CATSKILL — The Greene County Legislature is set to approve $1,250,000 in funding to stabilize the shoreline along the Historic Catskill Point Warehouse Building.

During a Public Works Committee meeting Monday evening, the committee unanimously approved a resolution to appropriate $1,250,000 to cover the estimated cost of the shore stabilization project. The resolution will move to the full Legislature for a vote.

Greene County Deputy Administrator Warren Hart told the Legislature on Monday the county has applied for Federal Emergency Management Agency grant money twice for the project but has yet to be successful in securing federal money for the construction.

“First it was a competition nationally and then the second application was local,” Hart said during the meeting. “In both instances, we did not score high enough. Their cost benefit calculator is not the type of program that works well for this type of project. You have to have a lot of loss from previous flooding. Since it’s a very rustic building, it’s mostly mucking out the silt and things like that. So we need to proceed to move to the full construction drawings. The permitting has already been worked on.”

In March, the New York State Division of Homeland Security and Emergency Services submitted a FEMA application for $979,000 on behalf of the county for funding for the shoreline project.

Hart said former Congressman Antonio Delgado, state Sen.
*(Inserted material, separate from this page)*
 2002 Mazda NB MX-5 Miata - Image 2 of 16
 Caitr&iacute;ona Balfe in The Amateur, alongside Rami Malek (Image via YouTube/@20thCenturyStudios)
Michelle Hinchey and Assemblyman Chris Tague, R-Schoharie, all advocated on the county’s behalf for both FEMA applications.

If the county is unable to acquire FEMA grants, the $1,250,000 cost of the project will be taken from the county’s fund balance.

“We’ve been working on this for over a year and we need to get some traction on it and actually get some engineering done and actually put it out to bid,” Hart told the Legislature.

Greene County Administrator Shaun Groden said the Historic Catskill Point shoreline has experienced serious erosion on its bank wall.

“The Hudson River side is all eroding,” Groden said after Monday’s meeting. “It’s getting to be underneath the foundation of the barn. So they’ll drive steel pylons about 60% of the way where the old boat launch was just past what’s now the dock. That would prevent further erosion from undermining the foundation of the barn.”

Hart told the Legislature the county has conducted emergency repairs on the shoreline on two occasions to address the erosion.

“It’s not just the sheet piling, that dock has not been worked on in about 20 years,” Hart said. “So it needs to be resurfaced and the pylons and cleats that hold the ships down, we have a temporary cabling system in place in order to accommodate those big ships. We’ve limped along for too long without really getting a permanent solution on this. We need to get engineering and get good specs together to see what the real cost would be.”

Greene County Legislator Michael Bulich, R-Catskill, added that the project needs to be addressed urgently.

“If you have a slope failure that tumbles into the channel there and you have an oil tanker going up to the Port of Albany and it bottoms out right there, that’s a major problem,” Bulich said during the Aug. 8 committee meeting.